On December 11, 2023, we filed a definitive proxy statement with the Securities Exchange Commission (the “SEC”) relating to a special meeting of stockholders to be held on January 5, 2024 (the “Special Meeting”) to consider and vote on a proposal to approve an amendment to our certificate of incorporation, and authorize our board of directors, to effect a reverse stock split of the our issued and outstanding shares of common stock by a ratio of between 1-for-2 to 1-for-40, with the exact ratio to be set at the discretion of our board of directors. As previously announced, at the Special Meeting our stockholders approved the proposal to effect a reverse stock split. Subsequently on January 5, 2024, our board of directors approved the final reverse stock split ratio of 1-for-40.

As disclosed in the definitive proxy statement, we believe that the Reverse Stock Split will allow us to comply with the Nasdaq Stock Market LLC (“Nasdaq”) minimum bid price requirements. The primary purpose of Reverse Stock Split is to increase the per share trading price of our common stock in order to maintain the eligibility of our common stock for listing on The Nasdaq Capital Market. The Reverse Stock Split is also intended to provide the capital structure that may facilitate further potential business and financing transactions and provide us with greater liquidity and a stronger investor base.

All common stock share and per share data, and exercise price data for applicable common stock equivalents, included in this prospectus have been retroactively adjusted to reflect the Reverse Stock Split. Any fractional shares resulting from the Reverse Stock Split have been rounded up to the nearest whole share.

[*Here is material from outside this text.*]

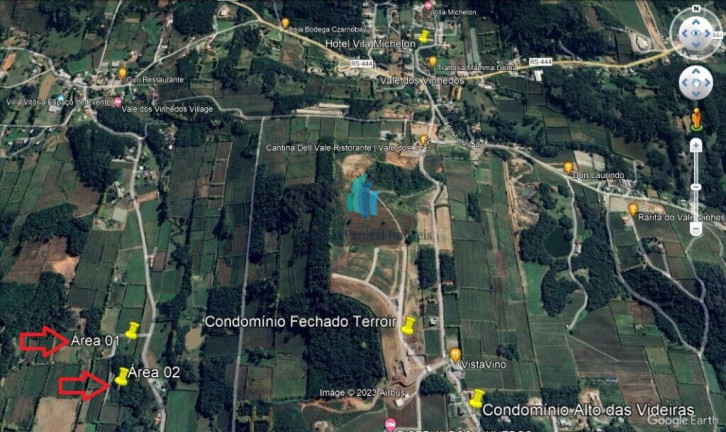Imagem Terreno à Venda, 20.133 m² em Vale Dos Vinhedos - Bento Gonçalves Imagem Terreno à Venda, 20.133 m² em Vale Dos Vinhedos - Bento Gonçalves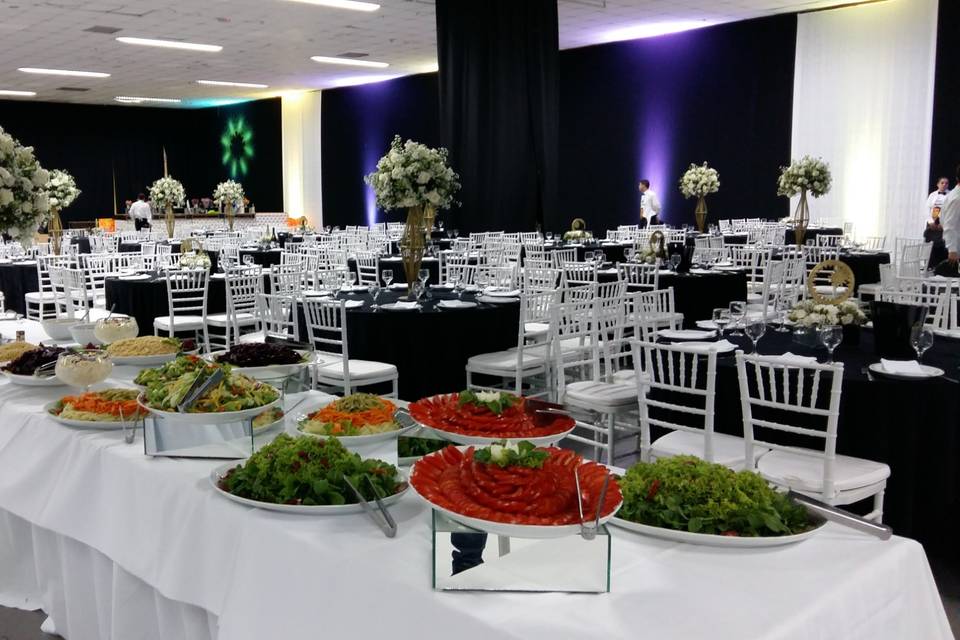 Farina Eventos Gastronomia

Nasdaq Minimum Bid Compliance

Our common stock is listed on the Nasdaq Capital Market. On April 14, 2023, we received a notification letter (the “First Notice”) from the Listing Qualifications Department of Nasdaq indicating that we failed to comply with the minimum bid price requirement for continued listing set forth in Nasdaq Listing Rule 5550(a)(2). Nasdaq Listing Rule 5550(a)(2) requires listed securities to maintain a minimum bid price of $1.00 per share, and Nasdaq Listing Rule 5810(c)(3)(A) provides that a failure to meet the minimum bid price requirement exists if the deficiency continues for a period of 30 consecutive business days. The First Notice provided that we had 180 calendar days from the date of the First Notice, or until October 11, 2023, to regain compliance.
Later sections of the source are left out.